Above all, these experimental results demonstrate that the MSFOA still maintains a higher performance than the FOA, PSO, DE, ABC, and two other modified FOA versions.

The convergence curves of the average best cost values are displayed in Figure 5, Figure 6 and Figure 7. In the first scenario, it can be seen that DE, FOA, and IFFO show inferior convergence. MFOA achieves a faster convergence speed and smaller cost than MSFOA in the early stages. However, in the later iterations when most algorithms come to stagnation, MSFOA still shows the ability to search for better solutions. The searching range decreases as the cost value decreases below the threshold, which can improve the local searching ability near the optimal solution, and thus leads to the best global convergence of the algorithms.

In

Table 3. The statistical results of cost of the path in different scenarios.

Algorithm	First Scenario			Second Scenario			Third Scenario
	Best	Average	Median	Best	Average	Median	Best	Average	Median
MSFOA	404.37	490.23	466.56	382.95	485.46	505.18	440.71	504.20	492.95
FOA	507.15	708.73	698.53	520.27	755.35	693.81	730.46	1001.69	993.81
PSO	485.14	797.76	754.04	520.27	755.35	693.81	628.71	953.93	954.92
DE	561.53	674.52	665.62	655.81	761.37	768.37	664.59	809.74	815.48
ABC	411.16	503.64	497.22	401.02	516.94	520.93	457.45	589.69	591.39
IFFO	497.29	859.11	860.97	547.44	928.37	908.26	589.85	953.56	934.38
MFOA	417.07	495.04	493.33	388.33	482.81	475.26	465.87	566.83	564.83

, the best, median, and average of the cost values of the sum for three UAVs are recorded. The best values are highlighted using boldface. From this table, it can be seen that MSFOA achieves the smallest cost value in the first and third scenario and the second smallest in the second scenario. MFOA obtains a smaller average and median in the second scenario, but the distributed interval of solutions obtained by MFOA in Figure 3 is evidently worse than that obtained by MSFOA. Comprehensively comparing the statistical data of all algorithms in the three scenarios, MSFOA still shows its superiority to other algorithms in terms of searching ability and stability.

5. Conclusions

This paper proposed an MSFOA for cooperative path planning of multi-UAVs over three-dimensional rugged terrain.

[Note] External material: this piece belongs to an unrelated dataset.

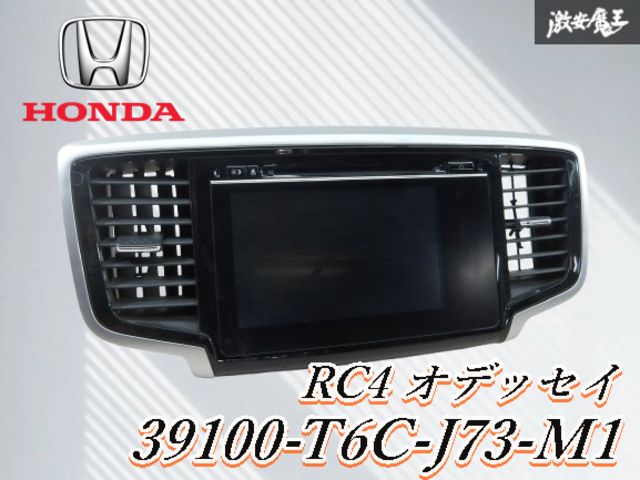 実動外し 保証付 HONDA ホンダ カーナビ ナビ 本体のみ オーディオパネル 39100-T 6 C-J 73-M 1 RC 4 オデッセイ 内装 棚33-4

In order to ensure the convergence speed and avoid local optimization, we have improved this in many ways. The multi-swarm strategy is used to increase the searching ability of the algorithm. In order to make use of any searching information effectively, we proposed the competition strategy of offspring, which ensures the efficient use of searching information and avoids falling into local optimum. In order to plan the flight path for multi-UAVs and avoid the collision between UAVs, we proposed a method to detect the collision between UAVs. Several simulations have shown the effective performance of the proposed approach. This paper proposed a method which can be used for multi-UAV path planning and can solve the high-dimensional function optimization problem. It can be widely used in the field of robotics. In addition, the parameters and sub-swarm amount usually affect the searching performance, and this may be improved in further work.